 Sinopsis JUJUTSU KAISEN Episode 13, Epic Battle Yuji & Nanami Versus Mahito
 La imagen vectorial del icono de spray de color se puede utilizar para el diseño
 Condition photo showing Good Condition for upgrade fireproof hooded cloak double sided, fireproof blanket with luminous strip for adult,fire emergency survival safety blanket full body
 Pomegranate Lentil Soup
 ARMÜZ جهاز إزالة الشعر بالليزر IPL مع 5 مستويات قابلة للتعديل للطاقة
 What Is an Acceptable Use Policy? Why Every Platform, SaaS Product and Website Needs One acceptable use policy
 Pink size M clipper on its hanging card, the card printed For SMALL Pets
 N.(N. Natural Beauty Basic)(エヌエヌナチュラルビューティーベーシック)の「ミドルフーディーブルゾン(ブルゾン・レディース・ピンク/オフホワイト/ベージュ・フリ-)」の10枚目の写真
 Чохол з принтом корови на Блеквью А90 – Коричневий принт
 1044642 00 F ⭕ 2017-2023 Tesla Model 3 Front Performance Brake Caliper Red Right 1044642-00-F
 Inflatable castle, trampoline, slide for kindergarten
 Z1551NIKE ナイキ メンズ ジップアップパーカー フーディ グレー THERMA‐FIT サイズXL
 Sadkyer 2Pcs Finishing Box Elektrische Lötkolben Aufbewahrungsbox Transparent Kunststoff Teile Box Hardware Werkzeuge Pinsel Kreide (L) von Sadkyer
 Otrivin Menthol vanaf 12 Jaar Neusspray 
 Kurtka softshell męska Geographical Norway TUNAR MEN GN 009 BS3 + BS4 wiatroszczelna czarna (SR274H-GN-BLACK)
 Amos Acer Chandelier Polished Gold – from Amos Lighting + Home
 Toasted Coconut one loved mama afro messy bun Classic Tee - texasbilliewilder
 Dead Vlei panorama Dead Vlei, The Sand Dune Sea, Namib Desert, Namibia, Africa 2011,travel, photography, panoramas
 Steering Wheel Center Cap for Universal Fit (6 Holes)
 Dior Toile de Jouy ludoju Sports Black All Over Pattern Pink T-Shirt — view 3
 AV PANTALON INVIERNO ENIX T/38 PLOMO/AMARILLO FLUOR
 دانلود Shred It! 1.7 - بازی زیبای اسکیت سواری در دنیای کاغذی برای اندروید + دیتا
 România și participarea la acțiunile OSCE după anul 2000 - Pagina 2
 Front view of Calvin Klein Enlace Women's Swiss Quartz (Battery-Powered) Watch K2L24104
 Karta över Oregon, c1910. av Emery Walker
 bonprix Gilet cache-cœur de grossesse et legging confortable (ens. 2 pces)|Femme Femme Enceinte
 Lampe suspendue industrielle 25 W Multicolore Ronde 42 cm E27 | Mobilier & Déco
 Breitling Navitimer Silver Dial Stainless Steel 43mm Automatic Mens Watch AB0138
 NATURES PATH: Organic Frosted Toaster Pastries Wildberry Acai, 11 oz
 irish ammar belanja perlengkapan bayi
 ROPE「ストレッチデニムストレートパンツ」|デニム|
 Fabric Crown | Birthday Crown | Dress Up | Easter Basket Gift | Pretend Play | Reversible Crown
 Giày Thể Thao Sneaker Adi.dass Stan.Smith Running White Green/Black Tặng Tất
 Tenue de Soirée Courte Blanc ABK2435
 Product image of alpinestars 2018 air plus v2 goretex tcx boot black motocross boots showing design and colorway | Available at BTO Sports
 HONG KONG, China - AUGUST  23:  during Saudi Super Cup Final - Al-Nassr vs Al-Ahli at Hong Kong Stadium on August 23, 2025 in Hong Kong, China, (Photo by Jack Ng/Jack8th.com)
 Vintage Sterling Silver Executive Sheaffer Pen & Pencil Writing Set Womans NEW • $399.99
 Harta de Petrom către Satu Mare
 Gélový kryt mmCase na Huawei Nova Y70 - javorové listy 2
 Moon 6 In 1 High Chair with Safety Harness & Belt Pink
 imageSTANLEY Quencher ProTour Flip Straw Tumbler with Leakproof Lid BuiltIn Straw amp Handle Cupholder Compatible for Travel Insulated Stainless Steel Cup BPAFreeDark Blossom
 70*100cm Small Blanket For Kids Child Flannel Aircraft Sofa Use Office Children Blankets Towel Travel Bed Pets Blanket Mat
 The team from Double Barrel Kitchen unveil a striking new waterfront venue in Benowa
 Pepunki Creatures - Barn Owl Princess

> **TASK DETAILS**
All that belongs in your answer is the stretch of entries above from the line with "România și participarea" through the line with "ROPE「ストレッチデニムストレートパンツ」|デニム|", printed exactly.

> **WRITTEN SOLUTION**
 România și participarea la acțiunile OSCE după anul 2000 - Pagina 2
 Front view of Calvin Klein Enlace Women's Swiss Quartz (Battery-Powered) Watch K2L24104
 Karta över Oregon, c1910. av Emery Walker
 bonprix Gilet cache-cœur de grossesse et legging confortable (ens. 2 pces)|Femme Femme Enceinte
 Lampe suspendue industrielle 25 W Multicolore Ronde 42 cm E27 | Mobilier & Déco
 Breitling Navitimer Silver Dial Stainless Steel 43mm Automatic Mens Watch AB0138
 NATURES PATH: Organic Frosted Toaster Pastries Wildberry Acai, 11 oz
 irish ammar belanja perlengkapan bayi
 ROPE「ストレッチデニムストレートパンツ」|デニム|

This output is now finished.